Pilot 1, cleaning the data

Authors
Affiliations

Elias Bouacida

University Paris 8

Renaud Foucart

Lancaster University

Published

October 7, 2024

Clean the raw data file, and lays out the assumption behind the cleaning.

import CSV
using DataFrames
# Functions
include("PilotFunctions.jl")
transform_labels

Constants

const n_pages = 7;

Reading the Data

Time Spent

Read the table where the time spent on each page is kept. Then apply the function treatment to each subject.

timespent = CSV.read(joinpath("..", "Data", "OriginalData", "TimeSpent (accessed 2020-04-30).csv"), DataFrame, normalizenames = true, stringtype=String)
timedata = combine(groupby(timespent, :participant_code), x->treatment(x, n_pages - 1));

# timedata = by(timespent, :participant_code, x -> treatment(x, n_pages - 1));

Raw Data

Read the raw data (after the anonymization)

rawdata = CSV.read(joinpath("..", "Data", "OriginalData", "Pilot1RawData.csv"), DataFrame, normalizenames=true, stringtype=String);

Aggregate Time and Raw Data

data = innerjoin(rawdata, timedata, on = :participant_code);

Cleaning the Data

Finishing the Experiments

Removed subjects who have not finished the experiment

Check that the raw data and time date coincide on who finished the experiment.

Then keep only subjects who have finished the experiment, and remove the finished column as a consequence.
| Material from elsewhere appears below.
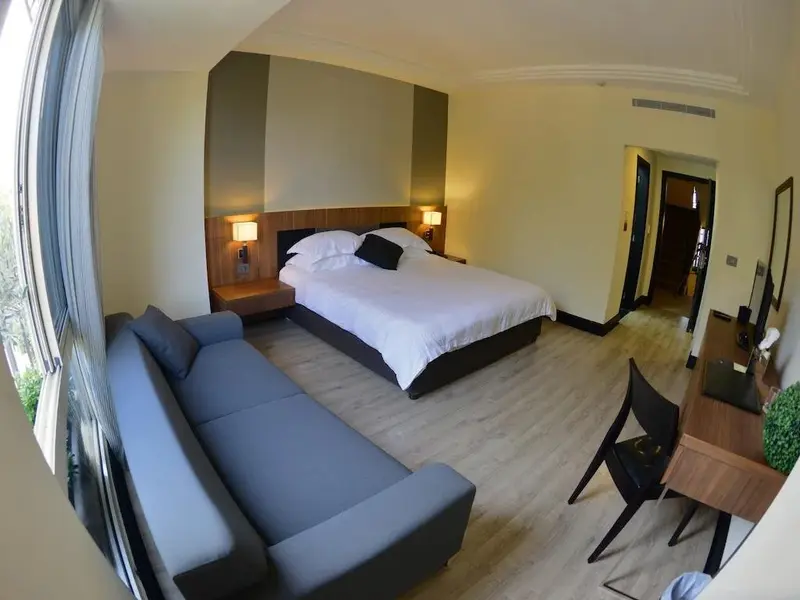 Une chambre lumineuse avec un grand lit et un canapé d'angle.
@assert (data[!, :participant_index_in_pages] .== n_pages) == data[!, :finished] "The method used to determine who has finished is not correct"
data = data[data[!, :finished], :]
select!(data, Not([:finished])); 

Selecting a subset of columns

We keep on the columns from the following relevantcolumns variable.

const relevantcolumns = [
    :participant_code, :time_in_experiment, :participant_payoff, :participant_payoff_plus_participation_fee, :session_code, 
    :survey_1_player_age, :survey_1_player_gender_rev, :survey_1_player_gender, :survey_1_player_employment,
    :survey_1_player_region, :survey_1_player_urn_rev, 
    :survey_1_player_urn, :survey_1_player_colour_rev, :survey_1_player_colour, :survey_1_player_colour_drawn, 
    :survey_1_player_urn_winner, :survey_1_player_round1, :survey_1_player_round2, :survey_1_player_round3, 
    :survey_1_player_round4, :survey_1_player_round5, :survey_1_player_total_time, :survey_1_player_probability, 
    :survey_1_player_mechanism_winner, :survey_1_player_belief_winner, :survey_1_player_mechanism_rev,
    :survey_1_player_mechanism, :survey_1_player_ability, :survey_1_player_knowledge, :survey_1_player_belief, 
    :survey_1_player_reasons, :time_page_1, :time_page_2, :time_page_3, :time_page_4, :time_page_5, :time_page_6,
];
irrelevantcolumns = [col for col = names(data) if !in(col, relevantcolumns)]
select!(data, relevantcolumns)
irrelevantcolumns
57-element Vector{String}:
 "participant_id_in_session"
 "participant_code"
 "participant_label"
 "participant_is_bot"
 "participant_index_in_pages"
 "participant_max_page_index"
 "participant_current_app_name"
 "participant_current_page_name"
 "participant_time_started"
 "participant_visited"
 "participant_payoff"
 "participant_payoff_plus_participation_fee"
 "session_code"
 ⋮
 "survey_1_player_belief"
 "survey_1_player_reasons"
 "survey_1_player_payoff"
 "survey_1_group_id_in_subsession"
 "survey_1_subsession_round_number"
 "time_in_experiment"
 "time_page_1"
 "time_page_2"
 "time_page_3"
 "time_page_4"
 "time_page_5"
 "time_page_6"

Striping the column names from survey_1_player_

for col = names(data)
    m = match(r"survey_1_player_(?<column>\w+)", string(col))
    if !(m === nothing)
        rename!(data, col => Symbol(m[:column]))
    end
end

Transform Columns Types

Transform some string columns with only two possibilities into boolean columns.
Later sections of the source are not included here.